I agree with @LLFourn's suggestion. I think someone should take this ticket on.

LLFourn commented 2 weeks ago

I later realized the "Forwards Compat" bit is not totally sound. Before trying to do a decode on a higher versioned entry you need to actually check it is higher versioned not just assume so because it failed. It could be a corrupted lower version entry or something else has gone wrong. This means we'd need to know the current version.

It's actually kinda possible to do this automatically with bincode if you require Default for V and just encode the Default and see what int it encodes as to get the implicit version number. Since we already enforce Default for Append, then V should do it too. A little hacky but it does give us the feature. I'd be tempted to not actually implement this just yet but leave forwards compat later. I fully realize that "let's do forwards compat later" sounds like the famous last words.

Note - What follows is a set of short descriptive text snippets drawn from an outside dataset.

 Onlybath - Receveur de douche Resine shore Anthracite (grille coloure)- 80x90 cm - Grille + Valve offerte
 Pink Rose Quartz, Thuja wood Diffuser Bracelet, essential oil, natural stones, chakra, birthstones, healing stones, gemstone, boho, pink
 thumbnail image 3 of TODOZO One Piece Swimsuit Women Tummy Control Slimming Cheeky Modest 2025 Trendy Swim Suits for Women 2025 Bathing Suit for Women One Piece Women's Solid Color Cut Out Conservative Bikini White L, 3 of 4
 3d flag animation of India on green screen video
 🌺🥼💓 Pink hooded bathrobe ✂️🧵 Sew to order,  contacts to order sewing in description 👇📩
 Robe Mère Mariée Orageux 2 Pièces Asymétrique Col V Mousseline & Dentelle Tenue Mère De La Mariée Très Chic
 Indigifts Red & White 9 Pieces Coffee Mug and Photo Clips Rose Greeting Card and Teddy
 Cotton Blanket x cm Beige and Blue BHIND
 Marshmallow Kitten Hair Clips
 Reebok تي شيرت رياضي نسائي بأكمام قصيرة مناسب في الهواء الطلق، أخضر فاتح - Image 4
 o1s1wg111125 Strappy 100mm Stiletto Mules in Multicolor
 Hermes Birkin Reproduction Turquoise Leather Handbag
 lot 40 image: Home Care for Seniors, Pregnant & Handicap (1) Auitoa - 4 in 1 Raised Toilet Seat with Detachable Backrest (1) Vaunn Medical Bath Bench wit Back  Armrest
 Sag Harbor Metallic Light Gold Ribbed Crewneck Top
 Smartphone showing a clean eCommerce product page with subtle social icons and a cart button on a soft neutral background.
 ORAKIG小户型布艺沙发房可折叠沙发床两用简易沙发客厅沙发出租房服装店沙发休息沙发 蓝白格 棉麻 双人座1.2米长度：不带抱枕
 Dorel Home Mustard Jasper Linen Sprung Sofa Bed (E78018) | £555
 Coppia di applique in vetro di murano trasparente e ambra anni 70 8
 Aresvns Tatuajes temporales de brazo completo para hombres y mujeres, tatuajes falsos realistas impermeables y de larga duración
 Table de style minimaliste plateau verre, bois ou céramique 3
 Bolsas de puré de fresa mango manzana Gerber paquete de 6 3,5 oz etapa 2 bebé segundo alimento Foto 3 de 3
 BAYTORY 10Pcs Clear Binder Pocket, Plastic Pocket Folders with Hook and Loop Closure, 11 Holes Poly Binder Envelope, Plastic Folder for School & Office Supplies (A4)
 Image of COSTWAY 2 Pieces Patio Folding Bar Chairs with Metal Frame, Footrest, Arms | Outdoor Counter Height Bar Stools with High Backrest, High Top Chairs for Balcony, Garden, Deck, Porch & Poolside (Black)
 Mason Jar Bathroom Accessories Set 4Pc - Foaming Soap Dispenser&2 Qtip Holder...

nymius commented 2 weeks ago

I agree with @LLFourn's suggestion. I think someone should take this ticket on.

I would like to give it a try.

notmandatory commented 2 weeks ago

@nymius I've assigned this to you, thanks for jumping in to take this on.

notmandatory commented 2 weeks ago

Can we push this TLV work for the bdk_file_store out of the 1.0.0-alpha milestone?

This would let the team focus on #1496 and #1498 changes and we'd only deliver backward compatibility for the beta with bdk_sqlite. The examples would also have to be changed to use bdk_sqlite but that should be faster/easier to review than redesigning bdk_file_store.

notmandatory commented 2 weeks ago

I discussed this with @evanlinjin and decided this issue can be moved to the 1.0.0-beta milestone. We just need to warn beta users that if they want backward data file compatibility they'll need to use the bdk_sql until this issue is done.